● **Goal of the exercise**:
How many lines in the entries below contain "Cover"? Answer with the number only.

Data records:
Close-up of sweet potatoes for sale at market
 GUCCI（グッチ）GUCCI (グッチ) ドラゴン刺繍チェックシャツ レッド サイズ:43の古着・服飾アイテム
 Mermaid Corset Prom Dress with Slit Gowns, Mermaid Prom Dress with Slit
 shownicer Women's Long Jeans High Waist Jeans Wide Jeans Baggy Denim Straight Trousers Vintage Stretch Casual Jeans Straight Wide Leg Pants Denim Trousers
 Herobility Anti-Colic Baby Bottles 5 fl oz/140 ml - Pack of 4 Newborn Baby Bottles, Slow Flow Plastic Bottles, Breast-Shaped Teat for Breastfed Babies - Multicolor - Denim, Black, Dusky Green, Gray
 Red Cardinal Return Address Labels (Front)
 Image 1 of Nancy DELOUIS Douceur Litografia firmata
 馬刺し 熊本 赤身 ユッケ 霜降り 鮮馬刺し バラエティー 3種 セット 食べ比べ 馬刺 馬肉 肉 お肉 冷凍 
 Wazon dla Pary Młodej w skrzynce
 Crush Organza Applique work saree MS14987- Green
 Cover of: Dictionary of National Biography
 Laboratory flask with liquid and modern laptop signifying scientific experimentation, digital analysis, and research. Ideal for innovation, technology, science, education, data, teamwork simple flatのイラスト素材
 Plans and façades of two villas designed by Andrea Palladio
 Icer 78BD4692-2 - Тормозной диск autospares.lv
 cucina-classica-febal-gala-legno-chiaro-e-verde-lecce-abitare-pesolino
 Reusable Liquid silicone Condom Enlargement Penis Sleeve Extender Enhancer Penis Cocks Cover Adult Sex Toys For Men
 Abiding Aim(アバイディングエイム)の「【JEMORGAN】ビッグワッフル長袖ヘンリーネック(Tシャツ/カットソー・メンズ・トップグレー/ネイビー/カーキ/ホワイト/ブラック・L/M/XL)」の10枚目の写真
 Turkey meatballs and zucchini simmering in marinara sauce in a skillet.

● **Answer space**:
2